Comme souvent hélas, c'est en réaction à un événement qu'un gouvernement annonce un plan de lutte contre les violences à l’École. La communication politique prend le pas sur l'analyse et la construction de réponses institutionnelles à la hauteur des enjeux.
Comme souvent hélas, c’est en réaction à un événement qu’un gouvernement annonce un plan de lutte contre les violences à l’École. Résultat, la communication politique prend le pas sur l’analyse et la construction de réponses institutionnelles à la hauteur des attentes des personnels et des enjeux complexes posés par les comportements violents et inacceptables de certains élèves.
Accompagner les personnels victimes : ce que revendique le Sgen-CFDT
De trop nombreux collègues ne se sentent pas soutenu.e.s par les autorités de l’Éducation nationale lorsqu’il.elle.s sont victimes de violences verbales ou physiques. Ce sentiment d’isolement et d’absence de soutien a été médiatisé après que de nombreux collègues ont témoigné avec le #PasDeVague dans les jours qui ont suivi la grave attaque dont a été victime une collègue.

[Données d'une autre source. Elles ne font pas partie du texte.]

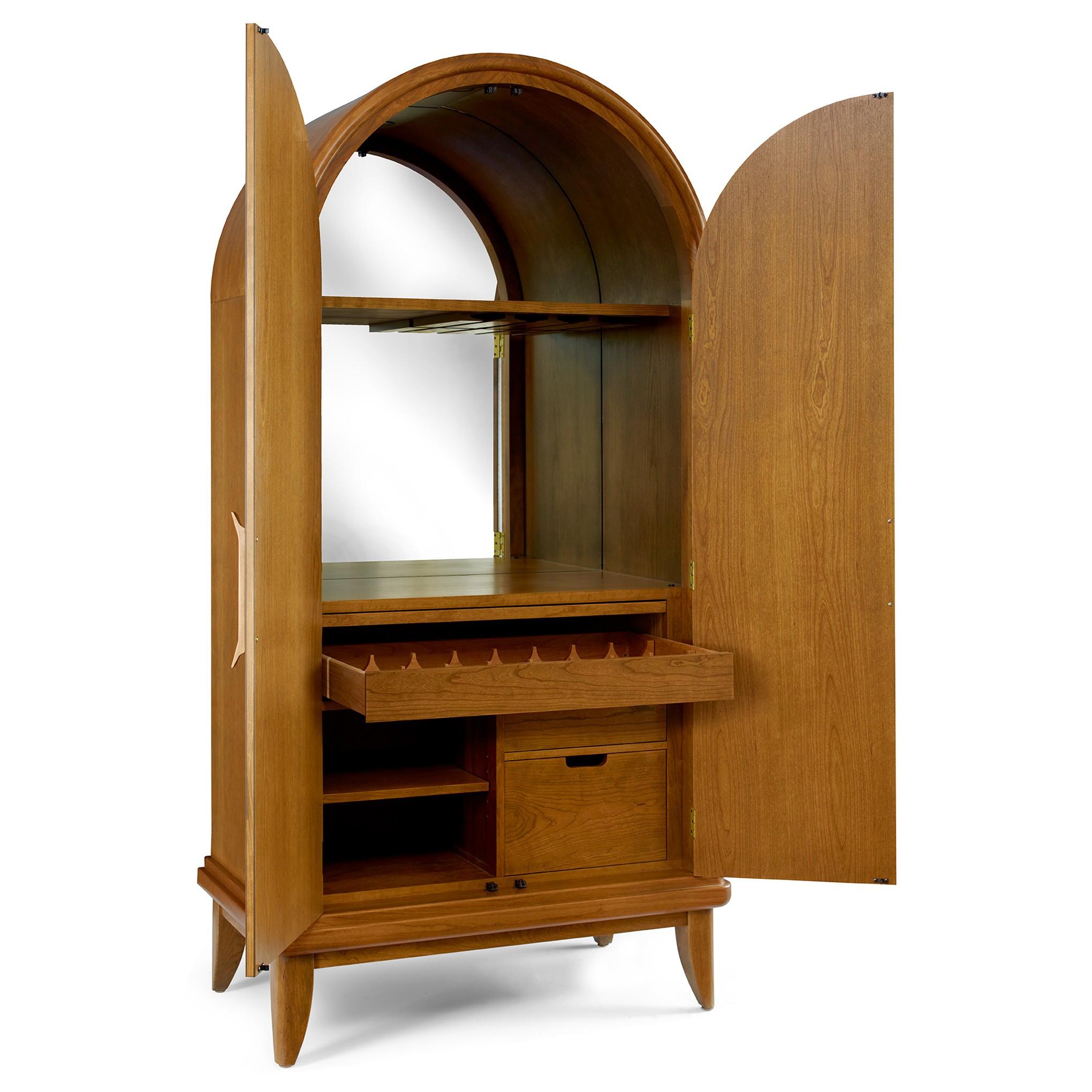 Martine Arched Bar Cabinet - Modern Wooden Liquor Storage with Glass Doors & LED Lighting - Perfect for Home Bar, Dining Room, or Living Room Decor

Les militant.e.s syndicaux qui ont eu à accompagner des collègues victimes connaissent malheureusement cet état de fait. Au Sgen-CFDT, syndicat général, nous savons que cela peut concerner aussi bien les personnels d’enseignement, d’éducation, psychologues de l’Éducation nationale, les personnels de santé ou de service social , les personnels administratifs que les personnels de direction. Chacun.e peut être confronté.e à une réponse institutionnelle insuffisante.
Notre expérience de l’accompagnement de collègues nous amène à constater qu’il existe des dispositifs institutionnels qui ne sont pas mobilisés de manière assez systématique. Notre expérience nous enseigne aussi que certaines insultes sont parfois minorées comme elles le sont dans l’ensemble de la société (par exemple, les insultes à caractère sexiste et homophobe). Il faut donc aussi une sensibilisation et une formation afin que ces faits ne soient pas minorés voire niés.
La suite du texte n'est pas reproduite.